Rationalist Spirituality

This was the first book I wrote, the one that received the most extensive revision recently, and probably the most accessible route for anyone interested in dipping their toes into my philosophy. Although I make clear upfront that my position is monistic idealism—i.e. I hold the view that consciousness is all there ultimately is—the book uses dualism (body/soul, subject/object, mind/matter, etc.) as its running metaphor. Since most people are used to dualist concepts, following the argument line in this book should be fairly straightforward. It's a short and direct volume. I do make explicit, however, how to port the dualist metaphor onto my actual idealist philosophy, so readers won't be ultimately restricted to a dualist mode of thinking. Those interested in looking deeper will be able to see how dualism sort of 'sits on top' of idealism, like an application running on an operating system.

Brief Peeks Beyond

This is my most varied book. In consists of a number of essays—organized in chapters according to their subject matter—tackling topics such as the mind-body problem, how research on memory is distorted and misportrayed by the media, the rampant misrepresentation of psychedelic research that sometimes is unashamedly encouraged by the researchers themselves (!), the psycho-social dynamics underlying how the metaphysics of materialism is promoted on the basis of scandalous double-standards, how materialism underpins consumerism and the suicidal pillaging of the planet we have been bearing witness to, the politics of it all, and even how to live a decent and meaningful life informed by straight philosophical thinking. I also discuss at length—and this book is the only place where I allow myself to do it—the implications and applications of the metaphysics of idealism, which I espouse. Despite the variety of themes tackled, the book does offer a coherent overall message built out of seemingly incommensurable pieces of one overarching jigsaw puzzle.

I hope you enjoy the books and find value in them!


  1. Its great to have a post like this to point newbies to!

  2. Well I, for one, highly appreciate this!

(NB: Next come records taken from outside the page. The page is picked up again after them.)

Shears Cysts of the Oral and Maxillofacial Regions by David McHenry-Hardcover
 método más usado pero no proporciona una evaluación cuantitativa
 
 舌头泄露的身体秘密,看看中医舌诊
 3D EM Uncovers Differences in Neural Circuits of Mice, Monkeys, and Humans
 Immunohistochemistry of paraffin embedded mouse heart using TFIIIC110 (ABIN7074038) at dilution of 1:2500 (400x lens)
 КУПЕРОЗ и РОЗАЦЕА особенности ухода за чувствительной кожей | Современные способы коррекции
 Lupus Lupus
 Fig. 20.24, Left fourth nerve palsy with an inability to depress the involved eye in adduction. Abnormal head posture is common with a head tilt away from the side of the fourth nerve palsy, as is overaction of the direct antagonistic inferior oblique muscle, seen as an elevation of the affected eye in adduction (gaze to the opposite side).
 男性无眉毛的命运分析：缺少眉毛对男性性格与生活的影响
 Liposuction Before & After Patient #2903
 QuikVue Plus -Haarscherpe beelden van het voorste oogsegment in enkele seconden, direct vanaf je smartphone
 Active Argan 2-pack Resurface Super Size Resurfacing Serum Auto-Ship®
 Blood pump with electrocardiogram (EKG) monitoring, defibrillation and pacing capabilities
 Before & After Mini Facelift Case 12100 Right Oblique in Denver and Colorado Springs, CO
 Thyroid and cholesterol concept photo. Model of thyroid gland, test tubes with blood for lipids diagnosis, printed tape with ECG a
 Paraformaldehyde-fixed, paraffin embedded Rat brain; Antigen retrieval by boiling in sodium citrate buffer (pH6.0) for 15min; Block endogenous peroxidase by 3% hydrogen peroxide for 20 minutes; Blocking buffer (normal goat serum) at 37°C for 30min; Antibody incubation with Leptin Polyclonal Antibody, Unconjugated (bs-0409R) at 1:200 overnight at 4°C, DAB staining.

I just now watched the "More Than Allegory" video and I'm highly interested in reading that book although I'm probably more interested in reading your latest. Your book, "Why Materialism is Baloney," is quite popular here at the Los Angeles City Library; I've had a hold on it ever since my earliest comment here and am still waiting! After watching the video, I have a few comments, although, given the 2016 date of publication (More Than Allegory), they may be dated comments - but I guess you can always ignore them!

    To begin, I follow a very good linguist on Quora, Oscar Tay from Canada, and he has a very interesting answer related to Chomsky's Universal Grammar: What are the structural similarities that exist common to all languages?. In that answer he introduces one to Pirahã, a counter-example to Chomsky's Universal Grammar! But this language emerged from the Amazon jungle in 2005, so perhaps you were already aware?

    Second, you talk about Schopenhauer in the context of Continental metaphysic; what are your thoughts on Gilbert Simondon and, more metaphysical and much more metaphorical, Gilles Deleuze? Are you familiar with the 2015 work by Daniel Weinbaum and Viktoras Veitas,Open-ended Intelligence: The Individuation of Intelligent Agents, which depends on and refines both Simondon and Deleuze? This paper was published in the Journal of Experimental and Theoretical Artificial Intelligence, so perhaps you were already aware.

    Finally, if you haven't already read these two books, then I would highly recommend both: Sleeping, Dreaming, and Dying: An Exploration of Consciousness with the Dalai Lama, an important transcript from the Francisco Varela inspired Mind and Life series, it has a nice discussion on Dream Yoga;Contemplative Science: Where Buddhism and Neuroscience Converge, a really nice book by B. Allan Wallace, who has degrees in physics and philosophy of science and his PhD in religious studies (he also spent 14 years as a Buddhist monastic ordained by H. H. the Dalai Lama). The Mind and Life Institute recently made their 2017 Mind and Life Dialogue, Ubuntu: I Am Because You Are, available online; you and your readers may find it interesting if you haven't already went through it.